The formula for dividing fractions is a/b ÷ c/d = a/b × d/c. This means you multiply the first fraction by the reciprocal of the second.
- Multiply numerators: a × d
- Multiply denominators: b × c
- Simplify the result if possible.
5. How do you divide fractions with whole numbers?
To divide fractions with whole numbers, first write the whole number as a fraction with denominator 1. Then apply the usual division rule.
- Example: 3 ÷ 2/5
- Write 3 as 3/1.
- 3/1 ÷ 2/5 = 3/1 × 5/2 = 15/2.
6. How do you divide mixed numbers?
To divide mixed numbers, first convert them into improper fractions and then apply the division rule. Follow these steps:
- Convert each mixed number to an improper fraction.
- Use keep, change, flip.
- Multiply and simplify.
7. Can you give an example of dividing fractions?

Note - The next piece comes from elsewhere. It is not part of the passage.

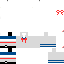 Texture for japonese uniform overlay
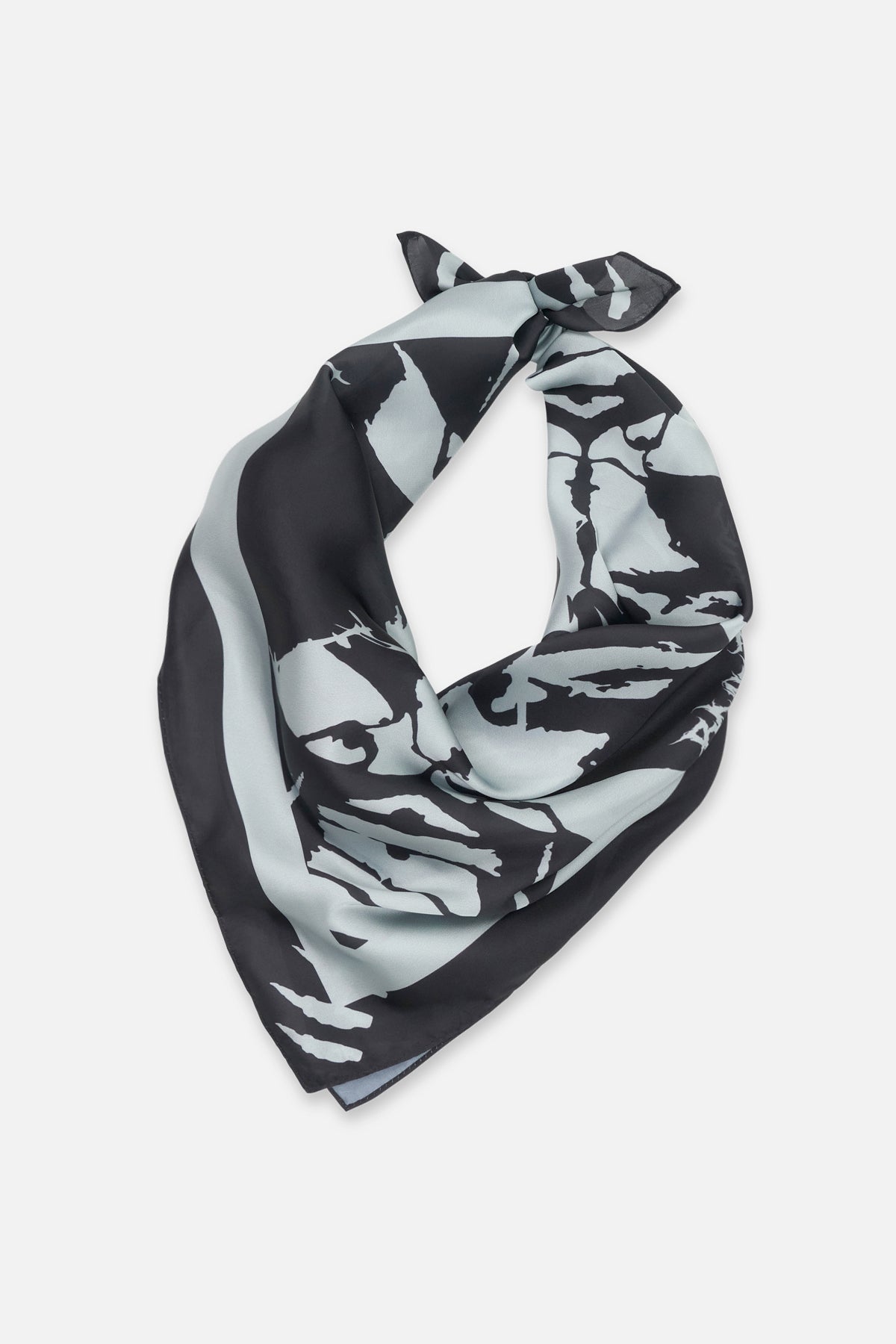 LEV BANDANA | BLACK SMOKE BEETLE - Image 4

An example of dividing fractions is 5/6 ÷ 2/3, which equals 5/4. Here is the working:
- Keep 5/6.
- Change ÷ to ×.
- Flip 2/3 to get 3/2.
- Multiply: 5/6 × 3/2 = 15/12.
- Simplify: 15/12 = 5/4.
8. What are common mistakes when dividing fractions?
Common mistakes when dividing fractions include not flipping the second fraction and forgetting to simplify the final answer. Watch out for these errors:
- Flipping the wrong fraction.
- Multiplying without changing ÷ to ×.
- Not converting mixed numbers properly.
- Leaving the answer unsimplified.
9. Do you need a common denominator to divide fractions?
You do not need a common denominator to divide fractions because division uses multiplication by the reciprocal. Unlike adding or subtracting fractions, no denominator matching is required.
- Example: 2/5 ÷ 3/7 = 2/5 × 7/3 = 14/15.
- The method works directly without finding a least common denominator (LCD).
10. What happens when you divide a fraction by 1?
When you divide a fraction by 1, the fraction stays the same value. This is because any number divided by 1 equals itself.
- Example: 7/8 ÷ 1 = 7/8.
- Since the reciprocal of 1 is 1, multiplication does not change the fraction.